The beautiful part of this is for every dollar we spend, almost on average we get a dollar of investment from the community. We’ve had over a 50-percent success rate of our experiments actually transitioning into operations. I think it’s a very rare experimental program that for every dollar invested is matched by a dollar from the community and then has a 50-percent success rate of being a persistent capability. And we are hitting home runs left and right through this.
It’s all about empowering analysts. It’s empowering people who don’t have a vehicle when they’re only in one agency to reach out and meet another agency, be creative in how you can mix different kinds of intelligence together. That’s what collaboration is about. And the MINTWG – our way of saying the Multi-Intelligence Working Group – is helping to fund that.

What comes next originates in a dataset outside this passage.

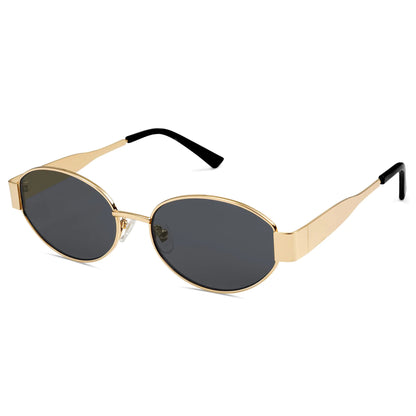 SOJOS Retro Oval Sunglasses for Women Men Trendy Sun Glasses Classic Shades UV400 Protection SJ1217 Gold/Grey by Anti Spier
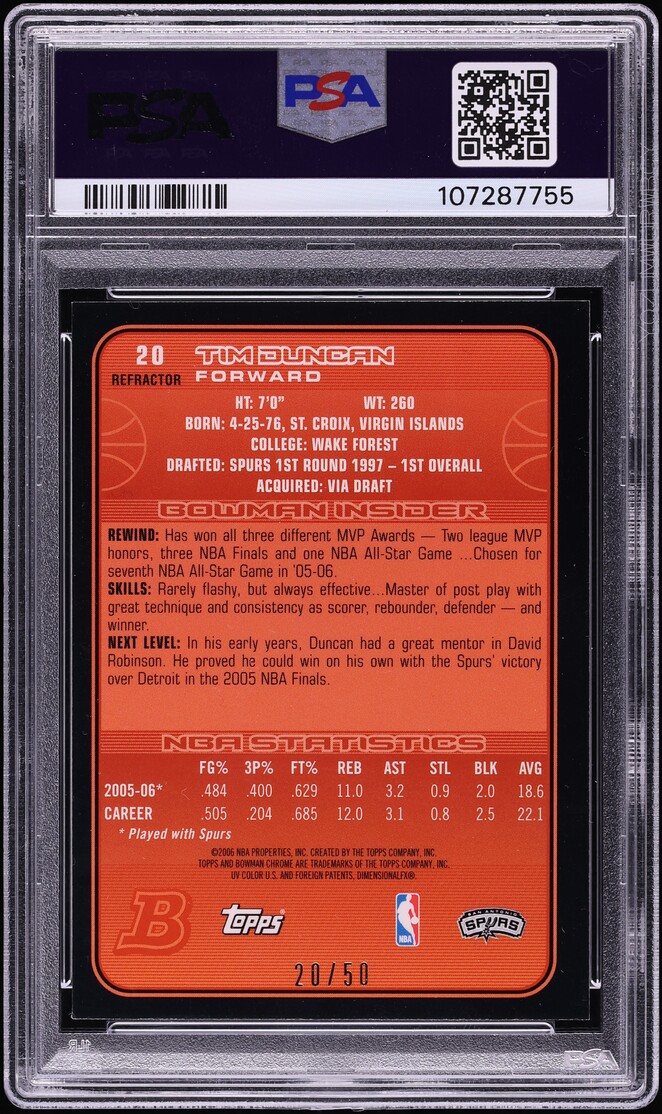 2006 Bowman Chrome Gold Refractor Tim Duncan /50 #20 PSA 9 MINT - Photo 2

CACAS: Sounds good. Mike, do we have another Analytic Transformation Conference to look forward to in 2009?
WERTHEIMER: I sure hope so because if the story we can tell next year is anything like the story we told this year, we are going to knock that mission ball out of the park.
CACAS: Very good. And where will that be held?
WERTHEIMER: Don’t know. It’s up to the INSA – the Intelligence and National Security Alliance that has been our partner and our sponsor in this. And it’s up to them. They lead an industry group of very, very interesting and talented people. And they demand – as long as they keep demanding, they want to know about – as long as they continue to demand to know about analytic transformation, I promise we’ll be there.
CACAS: All right. Sounds good. Mike, thank you very much.